Canadian politicians are like hockey: They only get attention outside of their nation when they shock and appall.
When Jon Stewart earlier this week kicked off The Daily Show with a lampoon of the strange happenings in Ottawa, it marked a new low for a nation in the middle of an unprecedented political calamity.
Stewart remarked that the attempt by opposition parties to oust Prime Minister Stephen Harper was baffling for Americans to comprehend.
“Force him from office? You can do that?” Stewart said. “Because we’ve had no confidence in our guy for quite some time now, and he’s taking forever to leave.”
The Daily Show’s jokes followed scathing criticism in The Economist, which called the opposition’s attempted coup and Harper’s petulant response “un-Canadian”, and critical coverage in mainstream media outlets around the world.

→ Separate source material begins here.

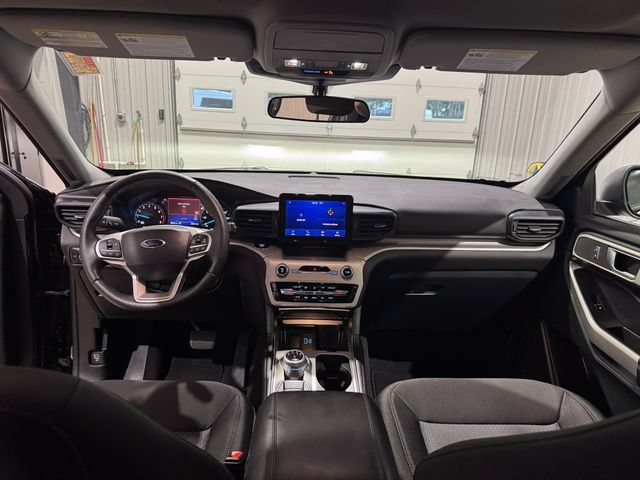 Used 2024 Ford Explorer XLT AWD/4WD image 17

When Harper, a Conservative, shut down Parliament until January 26 in order to save his job, Canadians were outraged and the rest of the world became curious. Embroiled in the most turbulent economic crisis in a lifetime, the nation’s leader decided to halt government at a time the country is in great need of economic stimulus. That’s un-Democratic to his rivals, unbelievably stupid to many of his constituents and bizarre to everyone else.
In response, his rivals have acted fast. The Liberal party, which had banded together with the two other largest blocs in Parliament, replaced Stephane Dion with the more charismatic and articulate Michael Ignatieff as leader, acting under what it called emergency circumstances. Ignatieff is likely to be the nation’s next prime minister. Harper’s fate seems to be sealed.
When Ignatieff, 61, is in office, it will mark the first time the leaders of Canada and the United States share degrees from the same school. Both he and Barack Obama graduated (in different years) from Harvard University; Obama with a law degree, Ignatieff with a Ph.D in history.
Ignatieff, like Obama, is also an author and possesses a global outlook that was forged from time spent abroad. Ignatieff has lived in London and his wife is a Hungarian national.
Whether he has Obama’s gift for reconciliation and diplomacy with rivals remains to be seen. Perhaps with Harper out of the way, the partisanship that has plagued Canadian politics could fade. If it doesn’t, then the nation could find itself gaining more of the kind of attention its citizens find shameful.